### TASK TO COMPLETE
May I please have every record restated word for word, with the images left out?

DATA RECORDS Start Marker

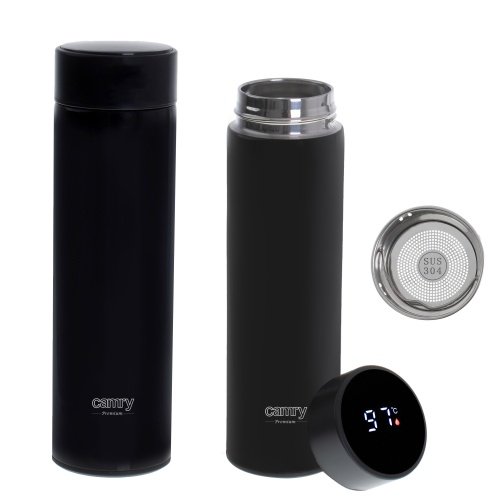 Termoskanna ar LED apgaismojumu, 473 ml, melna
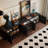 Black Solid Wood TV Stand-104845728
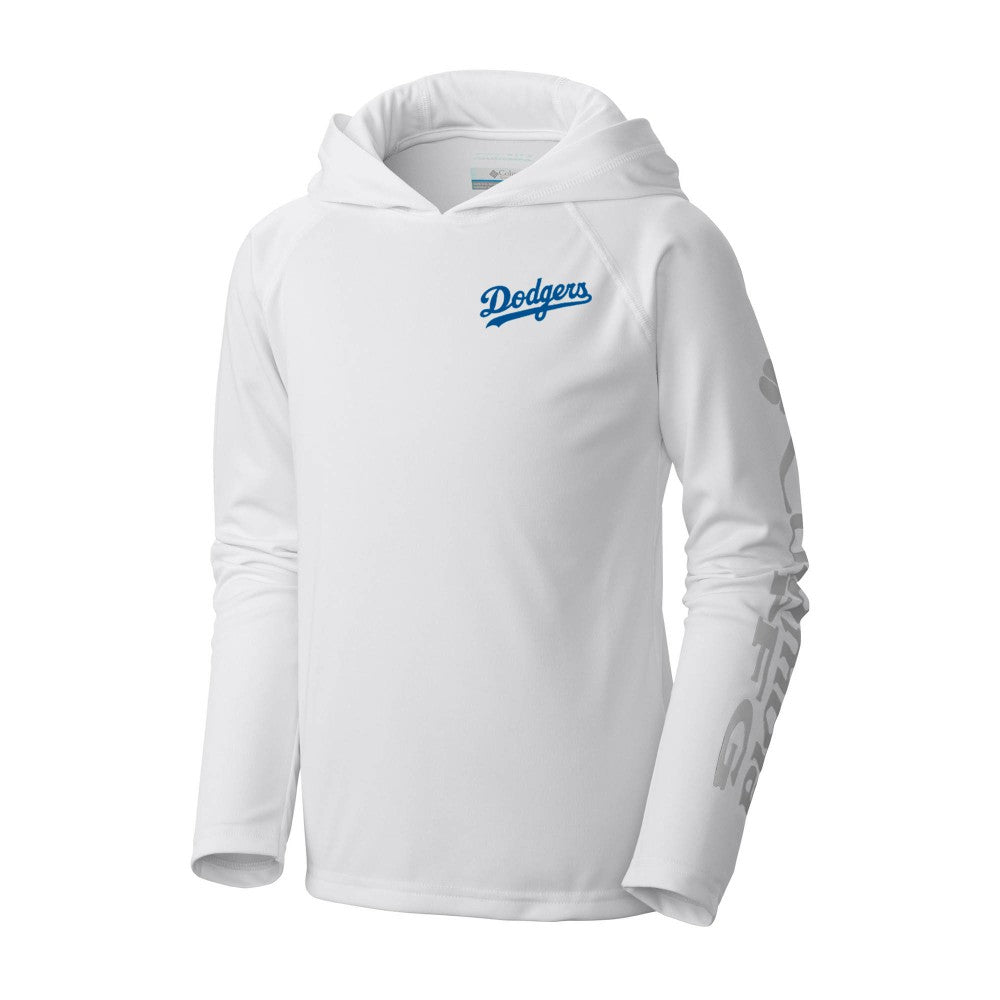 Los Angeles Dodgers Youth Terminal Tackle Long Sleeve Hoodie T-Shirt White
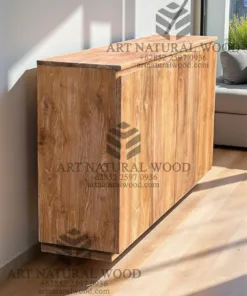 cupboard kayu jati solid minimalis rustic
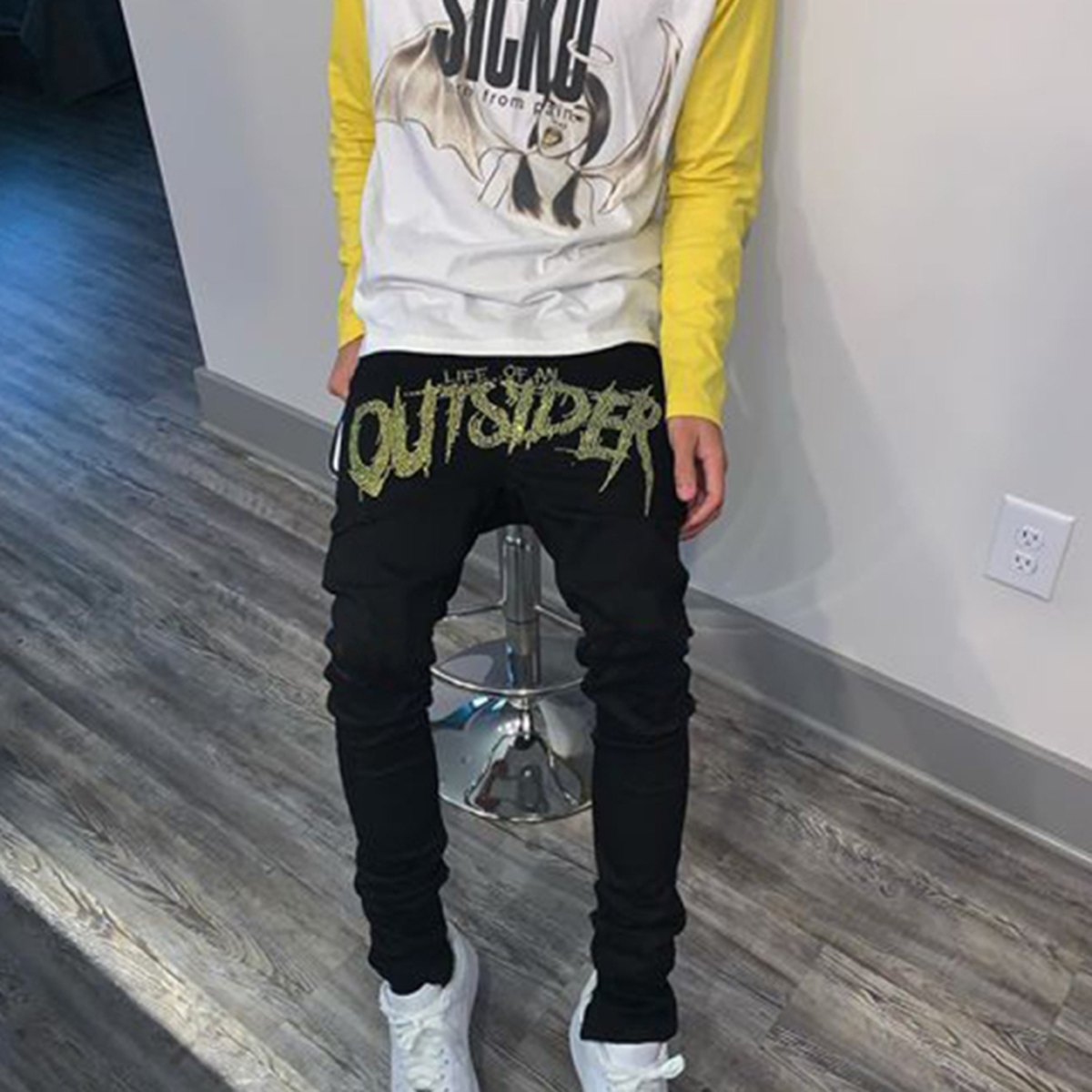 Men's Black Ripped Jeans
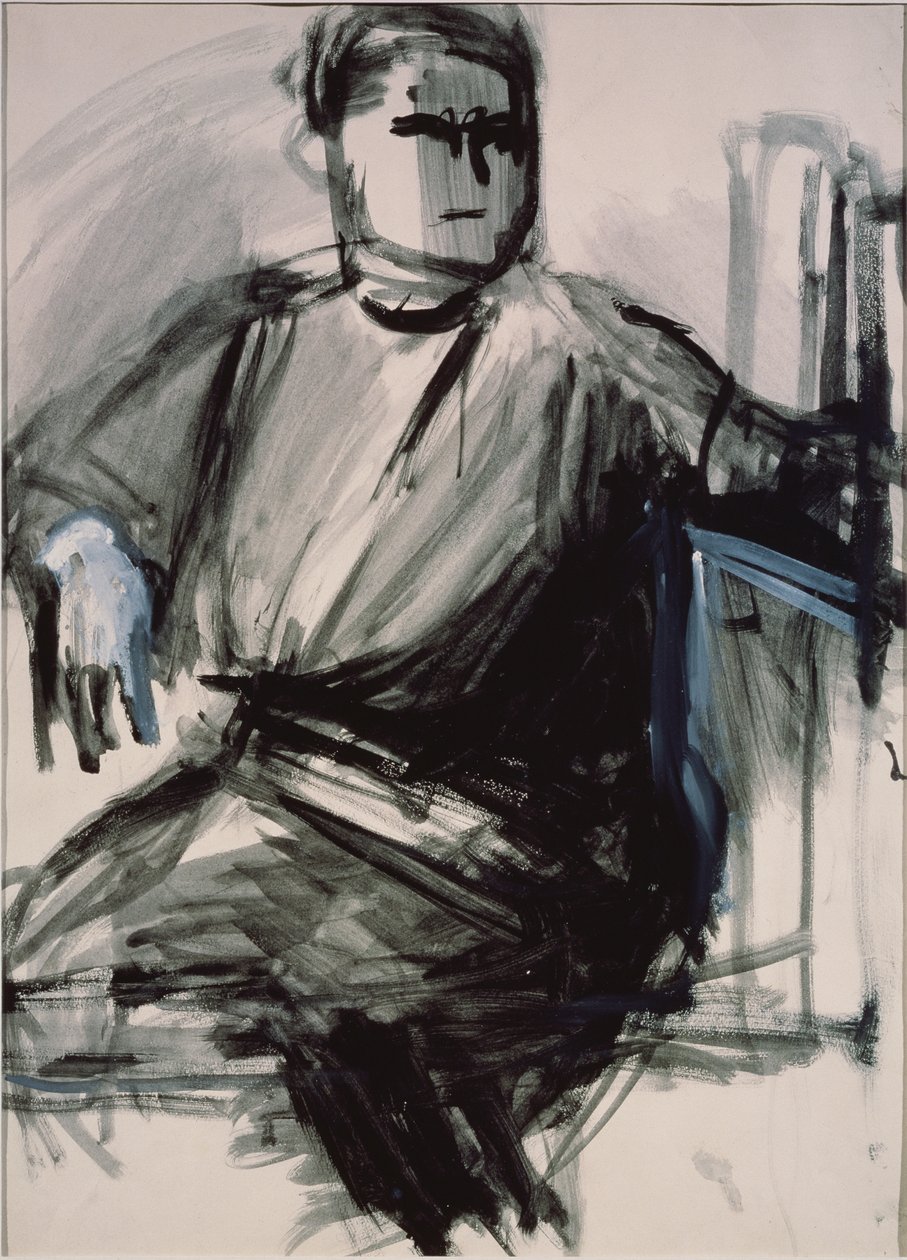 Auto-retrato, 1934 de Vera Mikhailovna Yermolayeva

DATA RECORDS End Marker

### SOLUTION TO THE EXERCISE
 Termoskanna ar LED apgaismojumu, 473 ml, melna
 Black Solid Wood TV Stand-104845728
 Los Angeles Dodgers Youth Terminal Tackle Long Sleeve Hoodie T-Shirt White
 cupboard kayu jati solid minimalis rustic
 Men's Black Ripped Jeans
 Auto-retrato, 1934 de Vera Mikhailovna Yermolayeva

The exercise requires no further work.